What is required
Nothing but the lines from the one containing "Automobile engine generator" through the end of the entries below should appear in your answer, transcribed exactly; please drop the pictures.

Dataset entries
• • • •
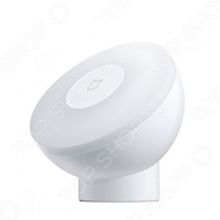 Xiaomi Motion-Activated Night Light 2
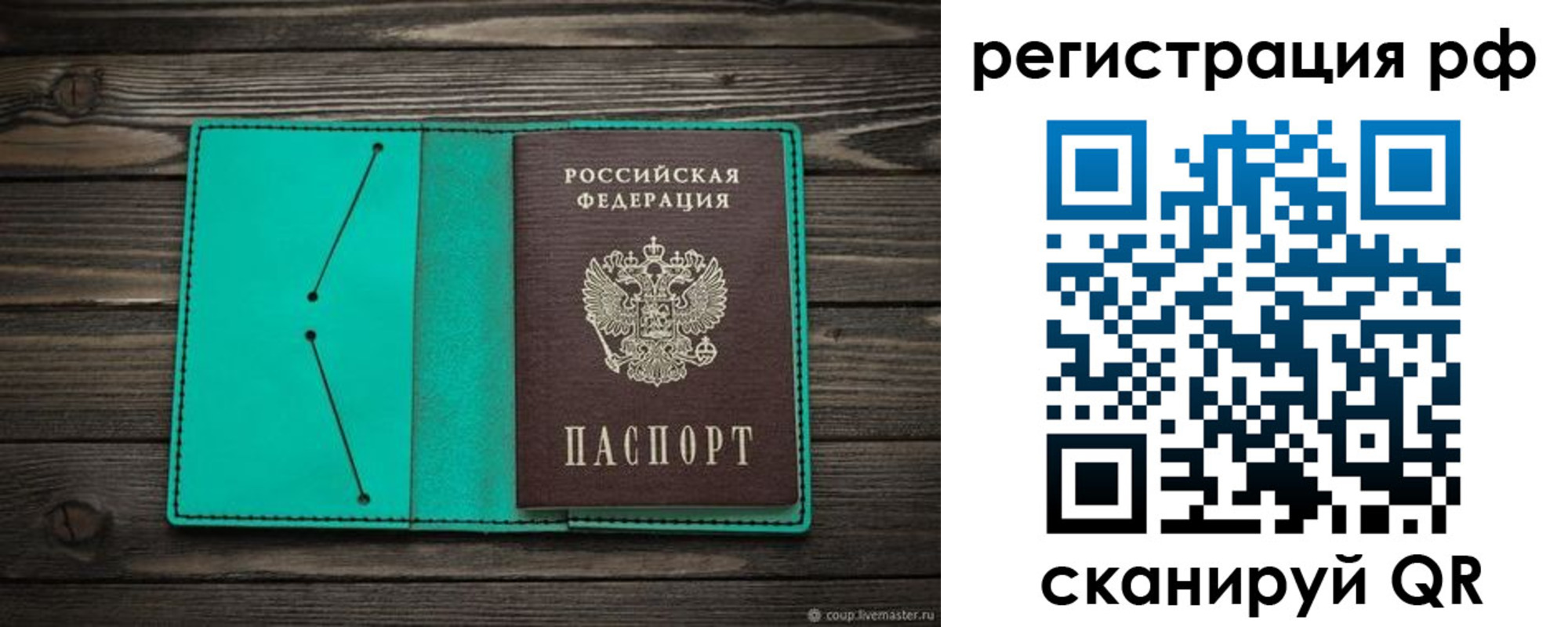 прописка законно в Лангепасе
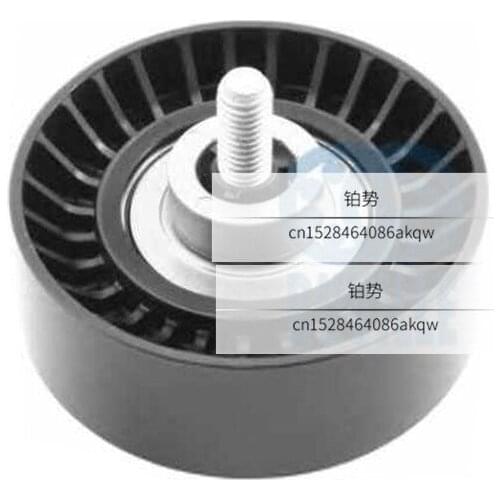 Automobile engine generator belt transition wheel 2008-vol voS80 S60 V60 V40 V70 xc60 Starter air conditioner pump tensioner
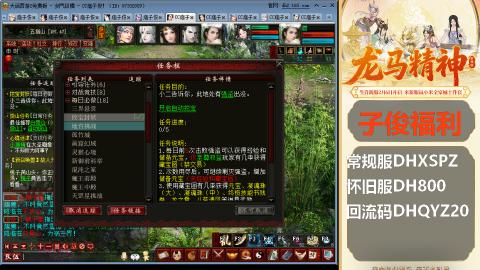 新服<剑荡八荒>新手码：DHXSPZ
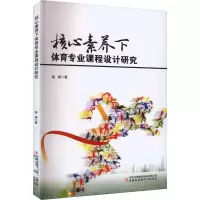 核心素养下体育专业课程设计研究 褚婷 著 育儿其他文教 正版图书籍 吉林出版集团股份有限公司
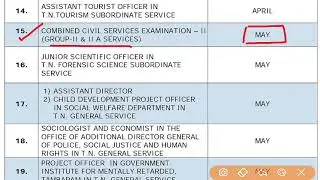 TNPSC ANNUAL PLANNER 2019 to 2020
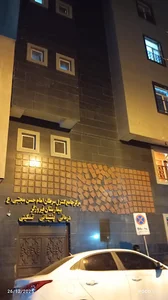 قطب علمی تحقیقاتی درمانی گوارش و کبد ایران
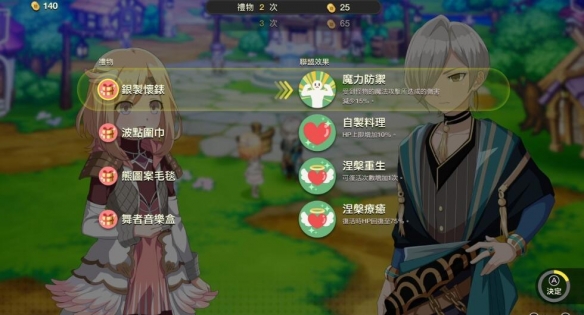  亚克系统宣布《艾伦塔罗斯奇历》确定推出中文版！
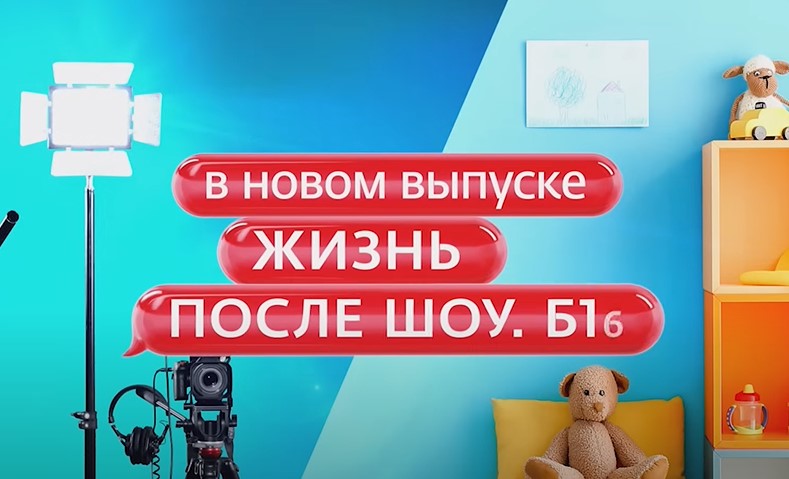 Жизнь после шоу Беременна в 16 (28 октября)
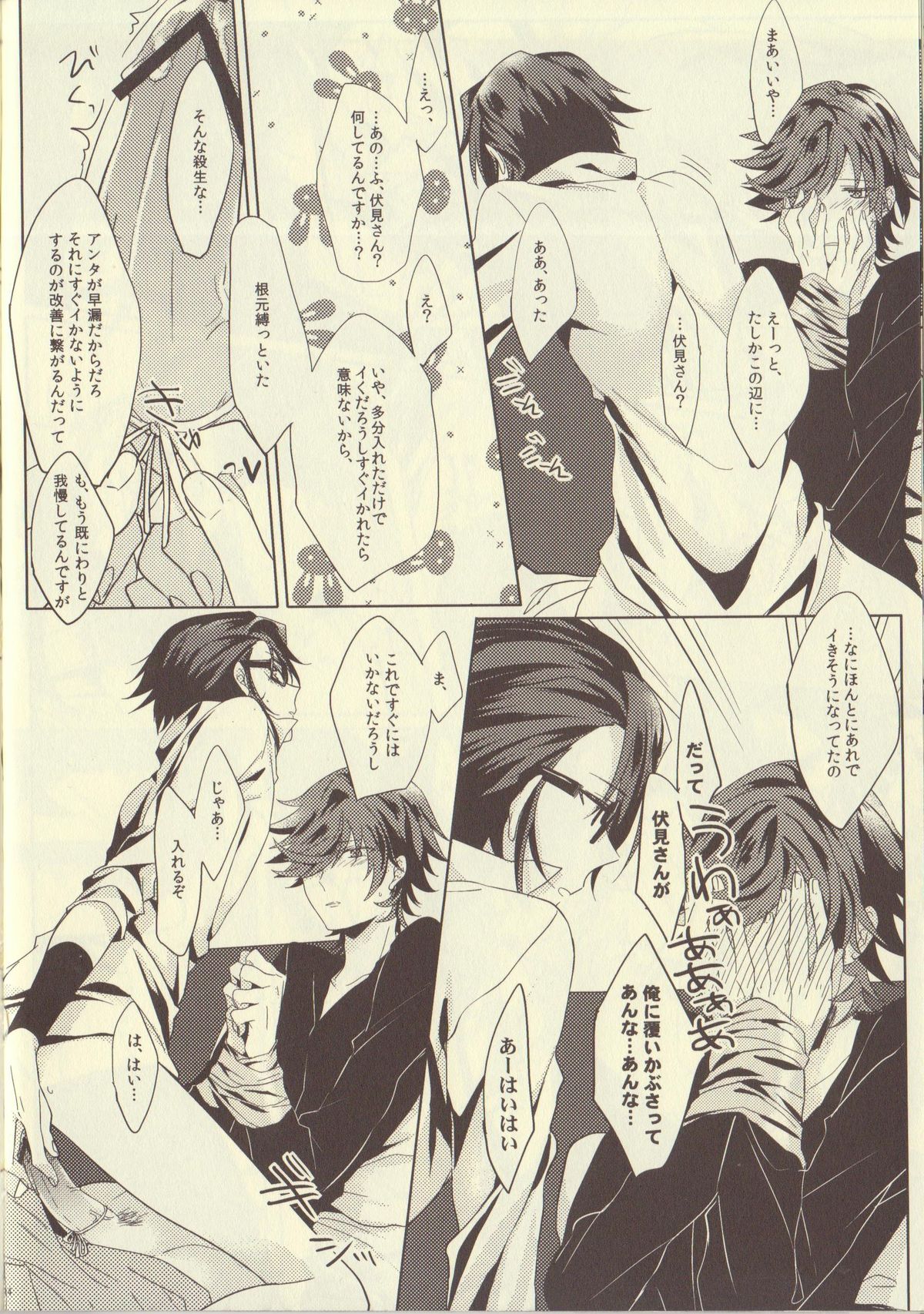 (HaruCC18) [Quartierlatin (Wasi)] Uchi no Kareshi ga Sourou Deshite. (K) page 14 full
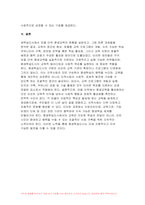 평생교육론 2024년 1학기 기말과제- 평생학습도시에서 마을 단위의 평생교육을 활성화하는 방안에 대해 논하시오-11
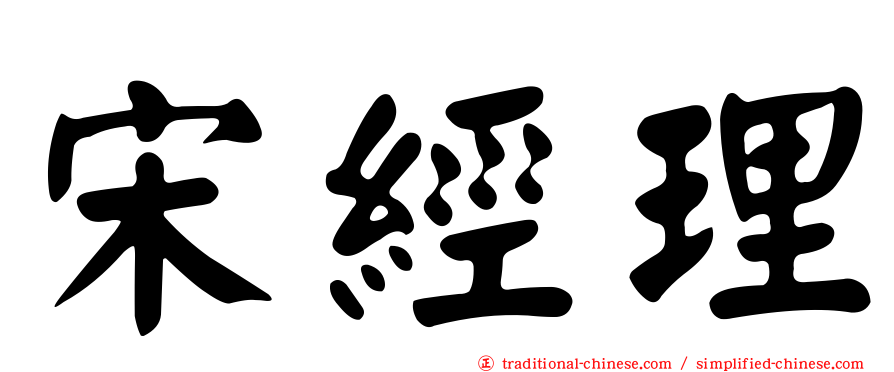 宋經理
• • • •
Result for this exercise
 Automobile engine generator belt transition wheel 2008-vol voS80 S60 V60 V40 V70 xc60 Starter air conditioner pump tensioner
 新服<剑荡八荒>新手码：DHXSPZ
 核心素养下体育专业课程设计研究 褚婷 著 育儿其他文教 正版图书籍 吉林出版集团股份有限公司
 TNPSC ANNUAL PLANNER 2019 to 2020
 قطب علمی تحقیقاتی درمانی گوارش و کبد ایران
  亚克系统宣布《艾伦塔罗斯奇历》确定推出中文版！
 Жизнь после шоу Беременна в 16 (28 октября)
 (HaruCC18) [Quartierlatin (Wasi)] Uchi no Kareshi ga Sourou Deshite. (K) page 14 full
 평생교육론 2024년 1학기 기말과제- 평생학습도시에서 마을 단위의 평생교육을 활성화하는 방안에 대해 논하시오-11
 宋經理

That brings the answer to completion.